In this Marvel tale, a king of the fictional kingdom of Wakanda is also a superhero, the Black Panther. While scenes are set in South Korea and Oakland, CA, the majority of the story takes place in Wakanda, a (fictional) African nation that never been colonized and so got to enjoy the benefits of their riches.
Wakanda is shown a remix of many African cultural looks if spliced with a cinematic techno-future-hip aesthetic. The designers drew on myriad African cultures to bring Wakanda to life. As designer Ruth Carter said the goal was to “show the world the beauty of tribal dress and move that forward in a more modernistic way.”
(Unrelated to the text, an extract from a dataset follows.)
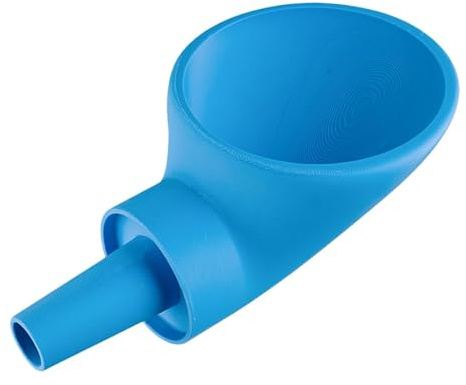 Entonnoir Remplissage Réservoir Eau Douce Camping-Car,Adaptateur de Drain à Large Ouverture | Entonnoir À Eau Camping-Car,pour Van Camping-car Remorque Trappe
You can get inspired yourself by African Art at a local museum or through Metropolitan Museum of Art’s open collection initiative.
Here are 12 to get you started:
This figure has an elaborate pattern of raised scars on his chest and forearms. Unlike Erik Killmonger whose ritual scars are earned through bad deads, African ritual scarification is usually a common, positive form of adornment.
Natural Hair (i.e. non-chemically treated hair) was in full effect throughout the film. Glorious African hairstyles influenced much of the character design.
Lupita Nyong’o’s soft, mounded look can be seen throughout Africa like on this Ejagham mask. These styles, sometimes called bumps or mounds, might have inspired by farmer’s sweet potato mounds.
The Black Panther’s sister, Shuri, played by Danai Gurira, wears her hair in a pile of braids upon her head. African’s women’s hair was often braided and formed into complex hairstyles — like a natural crown. While Shuri’s particular style might be a Wakanda specialty, this Baule diviner’s hair is equally exuberant.
Gold was seen everywhere, including around the General’s neck and at the Black Panther’s waist at the challenge. This Akan badge is one of the many fine gold objects created on the African continent.
Beading is in full effect in the Black Panther costumes as well as in jewelry. Designers were inspired by the North African Touareg (with their big beads) as well as the smaller beads used throughout the continent. The Maasai jewelry was a particularly important influence like this collar made with glass beads.
Clothing designers worked with contemporary African designers and international buyers to get the looks. While the well-known wax-prints were seen cut into contemporary fashion on the streets of Wakanda, the designers drew on a wider swath of African textiles traditions.
W’kabi, lifelong friend of the Black Panther, led an army of boundary-protecting, rhinoceros-wrangling warriors clad in blue. W’kabi and his kin’s wraps have a rich blue background that constrasts with geometric patterns, like this indigo-dyed cloth from Cameroon.
Brightly colored clothes are seen througout the film, like in the challenge scenes. Adinkra patterns adorn this Ghanaian prestige cloth with a rich symbolic language behind the patterns.
Kuba textiles, like this one, with interlocking patterns was wrapped around the waist. These interlocking patterns can be seen on many of Lupita Nyong’o’s character’s costumes and on the Black Panther’s blue suit.
This Edo courtier stands proud with a cloth wrapped around his waist in the way that W’Kabi did at the coronation/ challenge. He also wears thick circular necklaces as many characters do, like Zuri.
The wealthy court of Benin was protected by fierce warriors holding formidable swords much like the one that Zuri carried and the swords seen at the final battle.
This Bamana figure of a male warrior summarizes the feeling of the movie: proud, strong, beautiful and African.
All this art should make you see, African Art forever. And, of course, Wakanda Forever.